Lou slides back onto the bench beside me. Her thigh touches mine and then doesn’t; she adjusts so she has her own space. Smart. I start the loop so she can hear what we caught. She hums that line under her breath without meaning to and then catches herself again.

“You’re allowed.”

She smiles without teeth. “Okay.”

“I’m going to go flirt with the copier and find the chili recipe I left in the desk in ninety-nine,” Mom announces, and floats down the hall, fanning herself with a session sheet.

“I love your mom,” Lou says.

“Funny. Me too.”

Lou takes out her phone and opens a notes app. We go over some details for the album, and then she asks for a title.

“Not yet. The songs will tell us the title.”

She nods, satisfied by that answer. She looks at the piano, then at me. “Show me your left hand again.”

I play the chorus we don’t have words for. She hums one measure and stops, thinking.

“What?” I ask.

“Nothing. It just fits.”

“It fits because you make it fit.”

She shakes her head and reaches for her coffee. “Don’t romanticize me. Too much pressure.”

“Noted.”

We get a verse. We get a bridge that will probably die by afternoon and we’re both okay with that. We get a beat that’s more heartbeat than drum loop. We save often because we’re not fools.

“Give me one clean hum. We’ll call it a guide, not a vocal.”

“Okay,” she says, and steps to the ribbon. I lower it to her height and ask if she wants the lights down. She nods. I dim the room and hit record. She hums the line once, breath steady, pitch true. I name the track and lock it so I can’t mess it up later. She exhales like she just did something reckless and survived.

Mom returns with a cracked folder and triumph. “Found it,” she says. “Also found my old laminates and a photo of Salem with hair down to his shoulders.”

“He’ll pay to destroy it.”

“Too bad,” she says, tucking it back like a card shark.

Lou checks the clock. “I can stay till two.
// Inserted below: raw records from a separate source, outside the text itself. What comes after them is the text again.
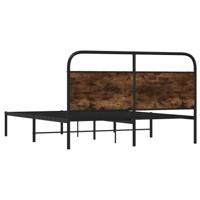 Bedframe zonder matras bewerkt hout gerookt eiken 150x200 cm - thumbnail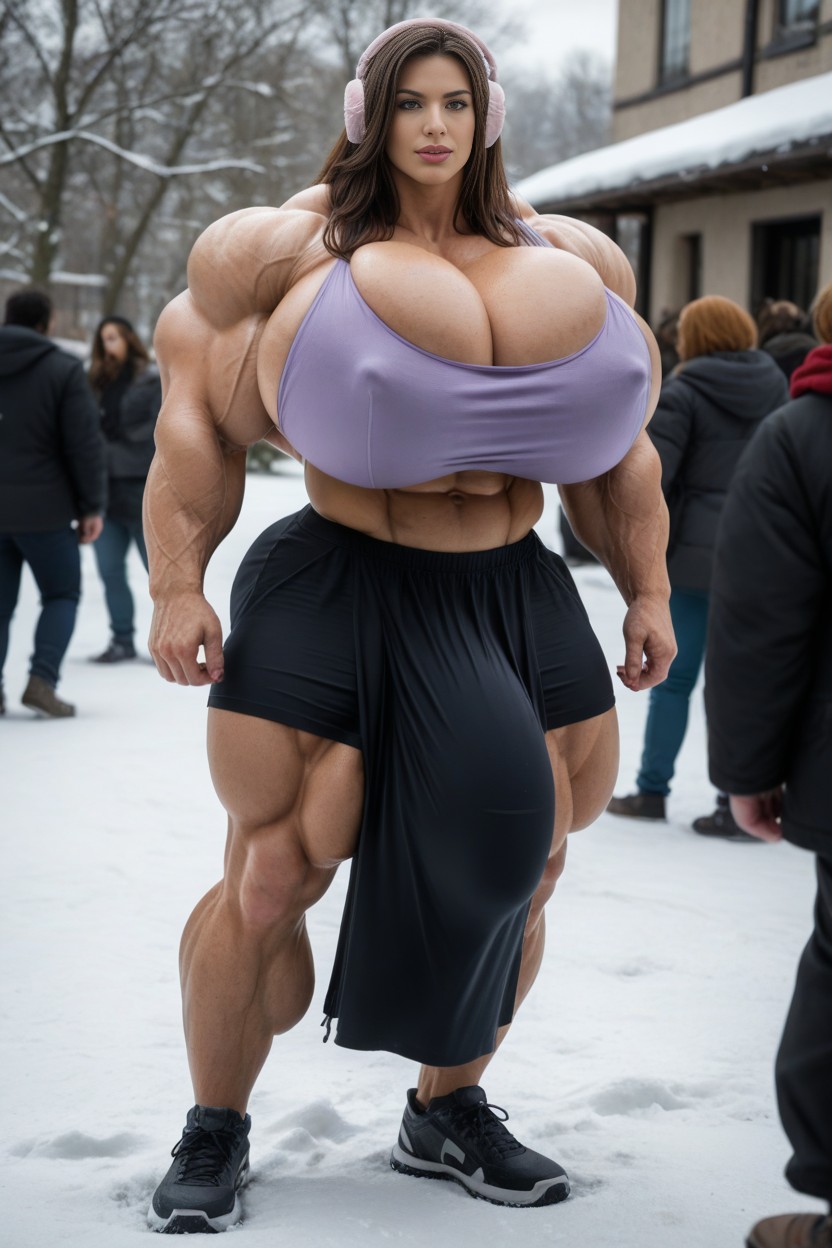 Muscular Woman, Wool Clothes, Wool Pants Shemale AI Porn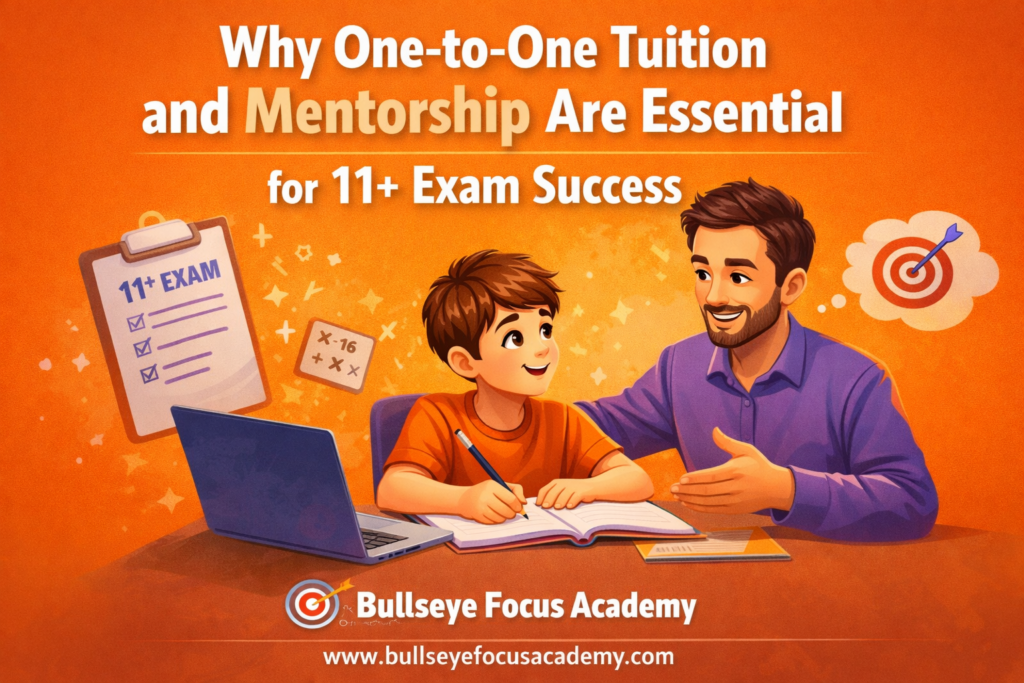 Student learning with one to one online tutor and academic mentor for 11 plus preparation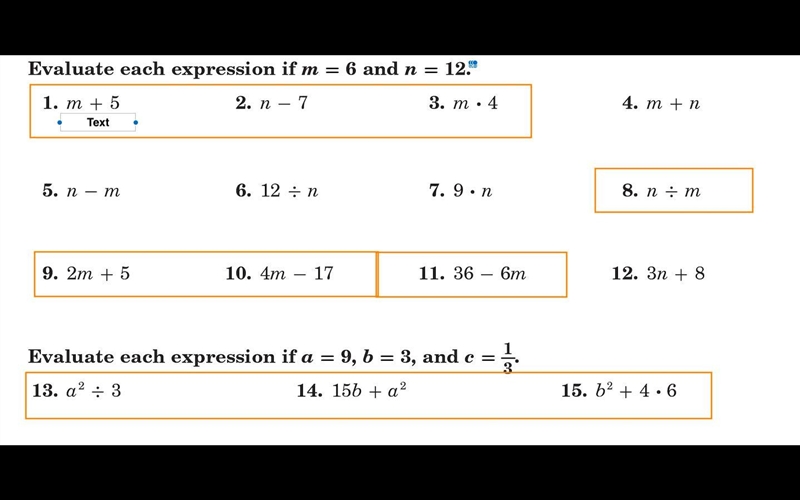 PLEASE HELP! I JUST NEED THE ONES IN THE ORANGE BOXES-example-1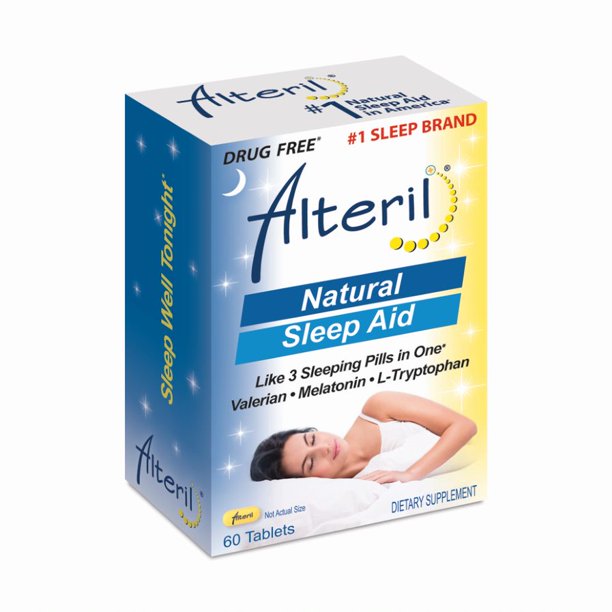 Alteril Natural Sleep Aid Valerian, Melatonin, & LTryptophan Tablets, 60 Ct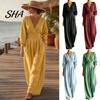 Simple Design Jumpsuit Women's Long Sleeve Jumpsuit, Deep V Neck Loose Wide Leg Casual Women Rompers, High Waist Summer One Piece Outfits with Pockets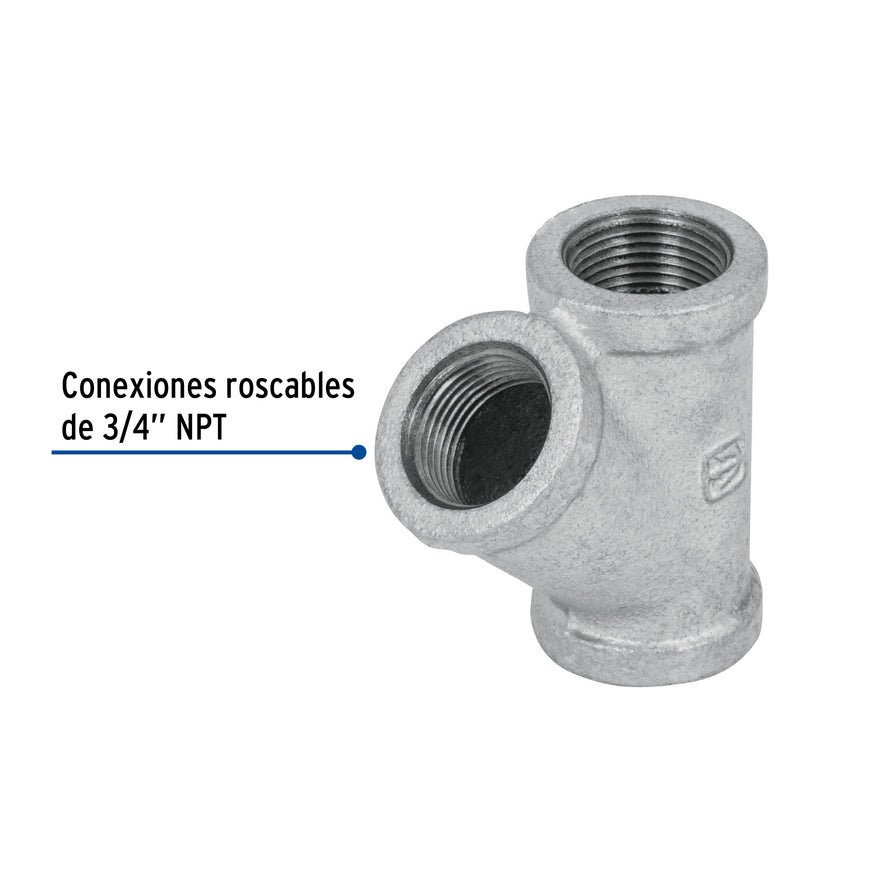 Yee sencilla 3/4' acero galvanizado, Foset Caja con 5, 47474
Then I need to send emails and work on a thousand other things.”

“Two is perfect. Quincy wants a demo tonight.”

We run the song twice more. Lou’s hum locks tighter each pass. I color a harmony under her line that makes her look at me like I’ve complimented her without words. I have. She hears it. She might not know music formally, but some part of her brain does.